With that my father learned over the bank of the canal, grabbed Richard and pulled him out of the water. As soon as Richard was out on the canal bank he began to cough up water and he started to cry. We had been very lucky that day. We never got any fish but we caught a very wet brother.

And I very often think just a few seconds more and we could have lost him. Luck was with us that day for sure.

I got up to many mad things when I was young. But this as got to be the worst. One of my pastimes during the school holidays when I was a kid was a few friends and I would go up to the canal bank, find a wasp nest and dig it out. Up we would go, carrying our picks and shovels, and within a few minutes down we would run minus our picks and shovels, screaming like banshees, hands slapping at the air. Then back we would go for another dig.

First we would pour mentholated spirit down the hole, then set it alight, wait till most of the wasps had been killed, then start digging. When I think back, I think how mad we must have been doing this just to get a few shillings for the grubs we sold to the local fisherman on the canal. On more than one occasion one or more of us would get stung. I spent one Saturday afternoon with one ear twice the size of the other and throbbing like a drum, and my cousin Darrel was a sight to see with his pants round his ankles crouched down in the local brook, splashing water on a very sore bum. With the rest of us standing round laughing our heads off.

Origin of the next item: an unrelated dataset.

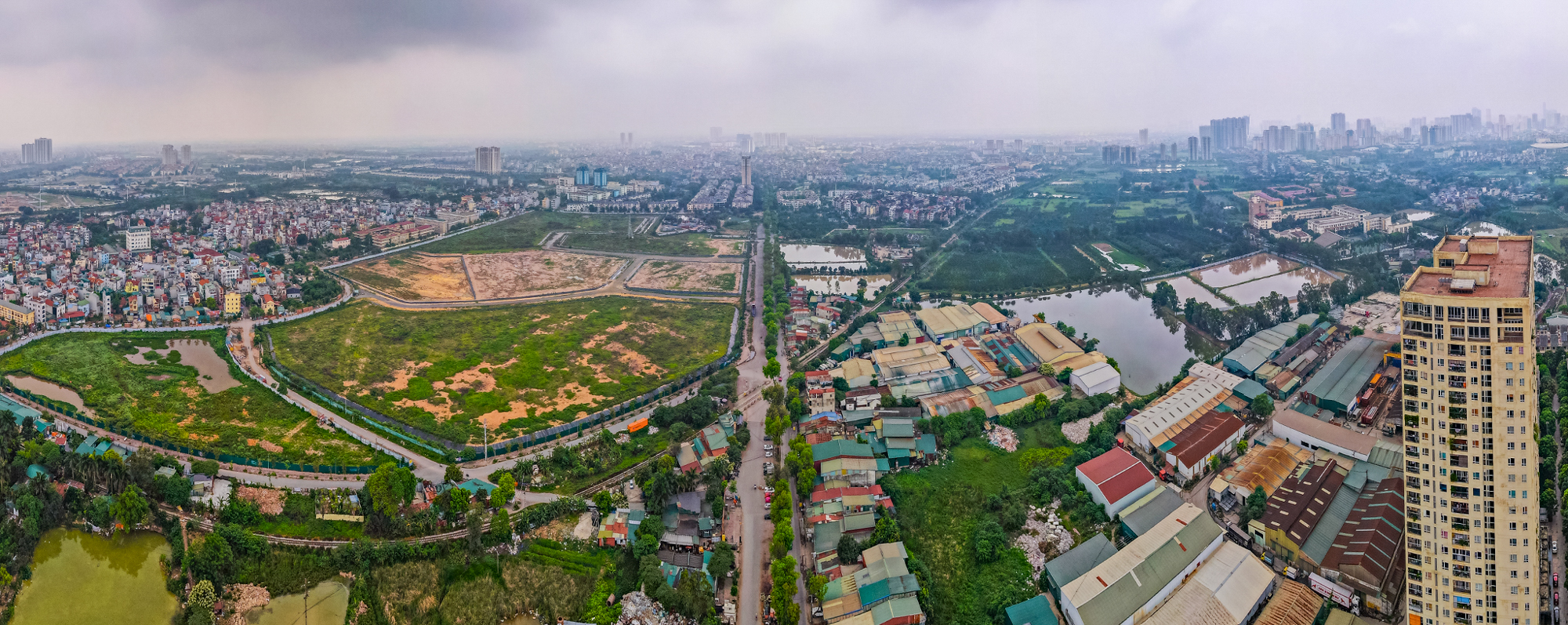 Cận cảnh con đường sắp được chi 2.800 tỷ để mở rộng, nối đại đô thị của Vinhomes với ga đường sắt tỷ USD- Ảnh 9. Cận cảnh con đường sắp được chi 2.800 tỷ để mở rộng, nối đại đô thị của Vinhomes với ga đường sắt tỷ USD- Ảnh 9.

But we were a tough bunch, come the weekend back we would be looking for another wasp nest to dig out.

Looking back, the canal gave me many hours of pleasure. I’m a lot older now but I still walk the canal Towpath. But it saddens my heart to see the state it's in today, filled with rubbish and shopping carts. But in my mind's eye I can still see my friends and me trying to catch frogs in one of our favourite spots.